Das bluesige „Bring It On“ ist das erste Lied auf der Platte mit reduziertem Tempo. Die Eingangszeile „My Queen of the Bronx, blue eyes and spitfire“ hätte genauso gut von Springsteens „The Wild, The Innocent And The E Street Shuffle“ stammen können. Völlig neue Töne vernimmt man dann bei „The Diamond Church Street Choir“. Der Song beginnt mit Finger-Schnipsen und schlängelt sich auf souligen Pfoten durch die knapp 3 Minuten, wo sich der sonst wenig jaulende Fallon im Improvisationsgesang übt.
Wer es etwas ruhiger mag, kommt bei „The Queen Of Lower Chelsea“ auf seine Kosten. Sehr interessant instrumentalisiert erzählt Fallon von einer missratenen Jugend in New York inklusive Drogen-Erfahrung. In „We Did It When We Were Young“, dem letzen Song des Albums, findet die ganze Nostalgie-Thematik ihr sprichwörtliches Finale.
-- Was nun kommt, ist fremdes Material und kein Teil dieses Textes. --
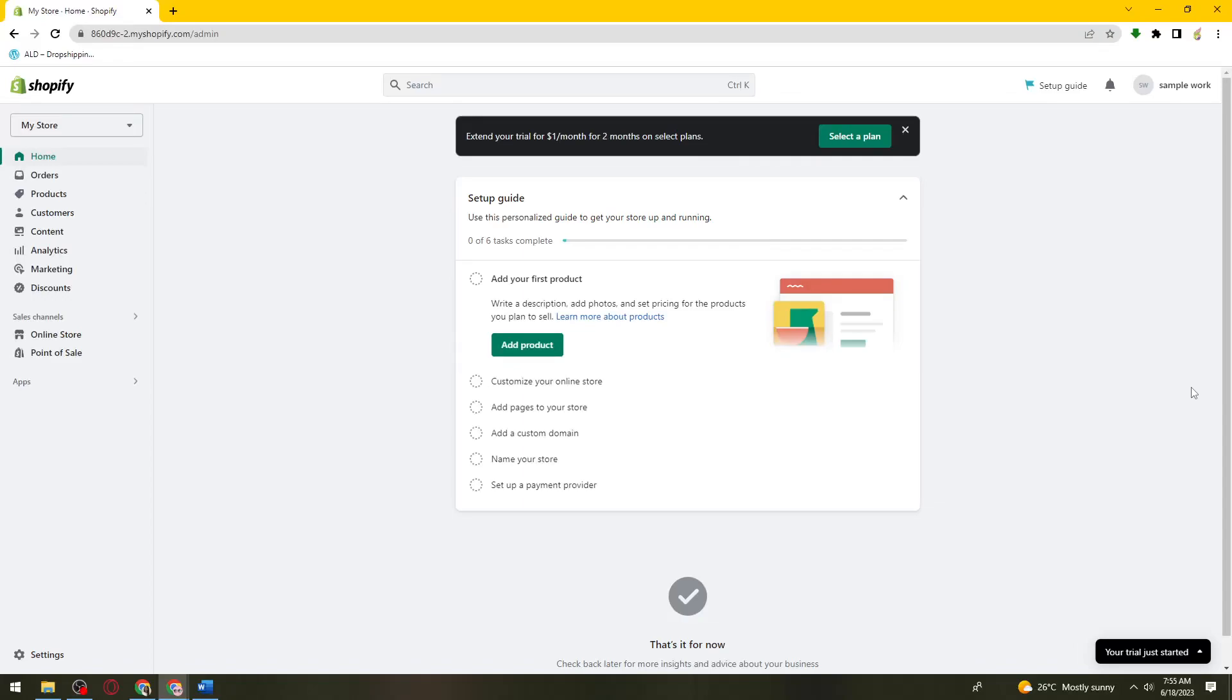Welcome. In this tutorial I'm going to show you how to get an access token on Shopify. So if you want to know how I did it, just keep on watching.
Sehr sachte und ruhig startet das Lied mit einer vorher bei The Gaslight Antheme noch nie gehörten Stimmung. Zwei Gesänge gleichzeitig, einer hoch gesungen, der andere tief und bluesig à la Tom Waits. Dieses Stilelement zieht sich durch das ganze Lied durch, sogar durch den Refrain, der beim letzten Durchgang noch durch eine zusätzliche dritte Gesangsspur ergänzt wurde. Mit majestätischer und bedächtlicher Musikbegleitung wird konstatiert: „I am older now and we did it when we were young“.
Alles in allem ist „American Slang“ ein facettenreiches Album. Es ist erwachsener als die Vorgängeralben in jeder Hinsicht. Die Texte sind besonnener und rückblickend, die Instrumentalisierung ist vielfältiger und auch stilistisch hat man auch mal in die ein oder andere sonst fremde Kiste gegriffen.